What is needed: Exclude the pictures from your copy, and reproduce each entry below verbatim.

[Caption-style text data]
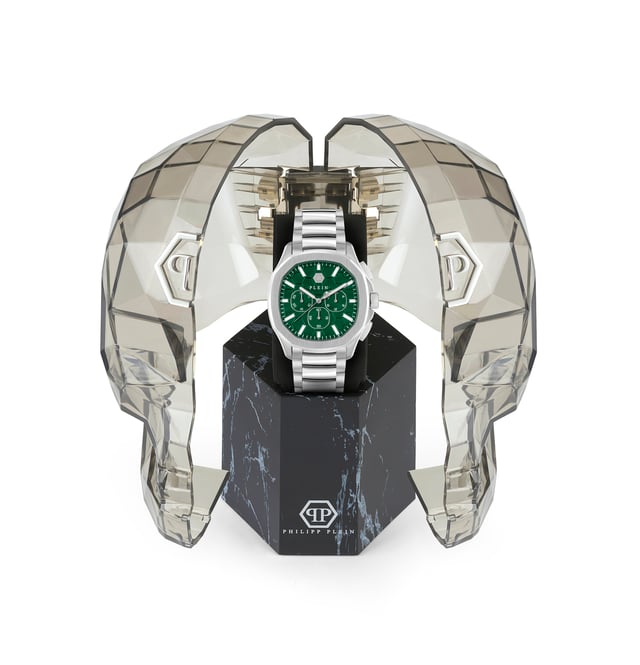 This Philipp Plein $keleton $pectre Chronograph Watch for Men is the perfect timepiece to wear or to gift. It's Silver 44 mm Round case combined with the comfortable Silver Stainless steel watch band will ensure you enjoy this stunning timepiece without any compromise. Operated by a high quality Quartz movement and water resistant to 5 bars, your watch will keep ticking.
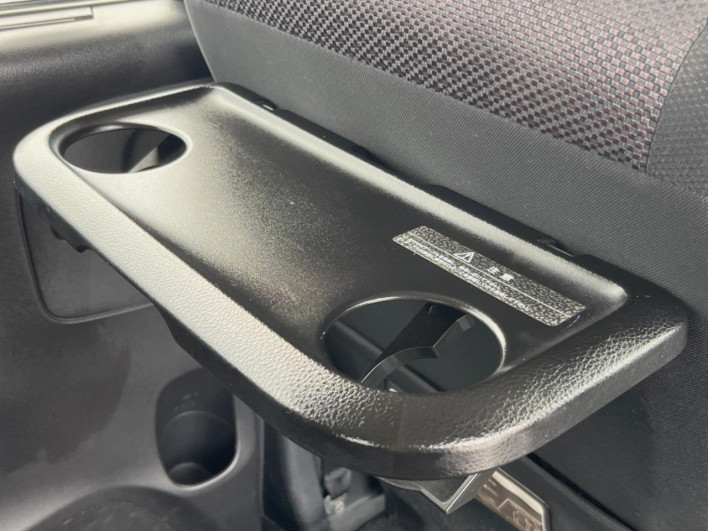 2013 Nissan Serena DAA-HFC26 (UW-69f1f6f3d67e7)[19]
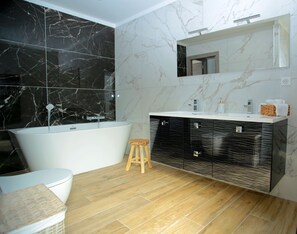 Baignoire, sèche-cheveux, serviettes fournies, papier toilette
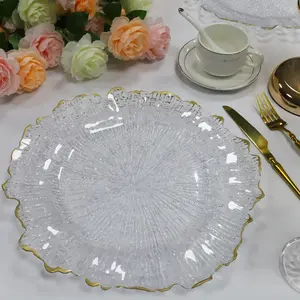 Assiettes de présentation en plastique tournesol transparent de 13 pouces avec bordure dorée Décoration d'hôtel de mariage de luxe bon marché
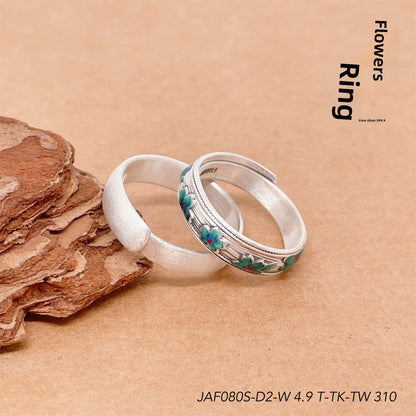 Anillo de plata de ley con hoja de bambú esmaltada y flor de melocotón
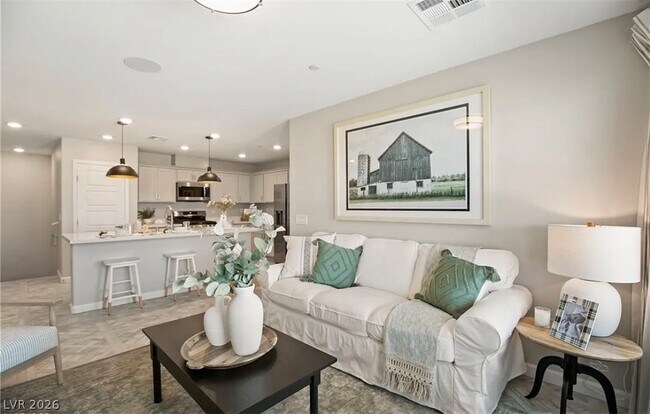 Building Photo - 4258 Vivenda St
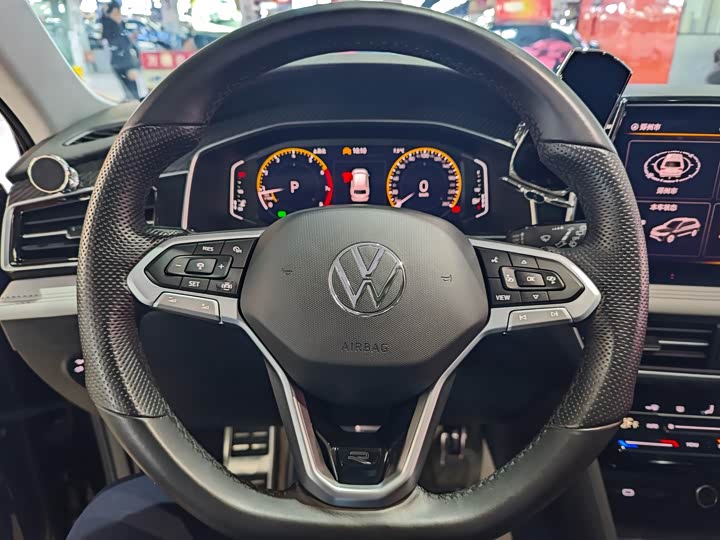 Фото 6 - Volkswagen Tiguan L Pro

Task solution:
 This Philipp Plein $keleton $pectre Chronograph Watch for Men is the perfect timepiece to wear or to gift. It's Silver 44 mm Round case combined with the comfortable Silver Stainless steel watch band will ensure you enjoy this stunning timepiece without any compromise. Operated by a high quality Quartz movement and water resistant to 5 bars, your watch will keep ticking.
 2013 Nissan Serena DAA-HFC26 (UW-69f1f6f3d67e7)[19]
 Baignoire, sèche-cheveux, serviettes fournies, papier toilette
 Assiettes de présentation en plastique tournesol transparent de 13 pouces avec bordure dorée Décoration d'hôtel de mariage de luxe bon marché
 Anillo de plata de ley con hoja de bambú esmaltada y flor de melocotón
 Building Photo - 4258 Vivenda St
 Фото 6 - Volkswagen Tiguan L Pro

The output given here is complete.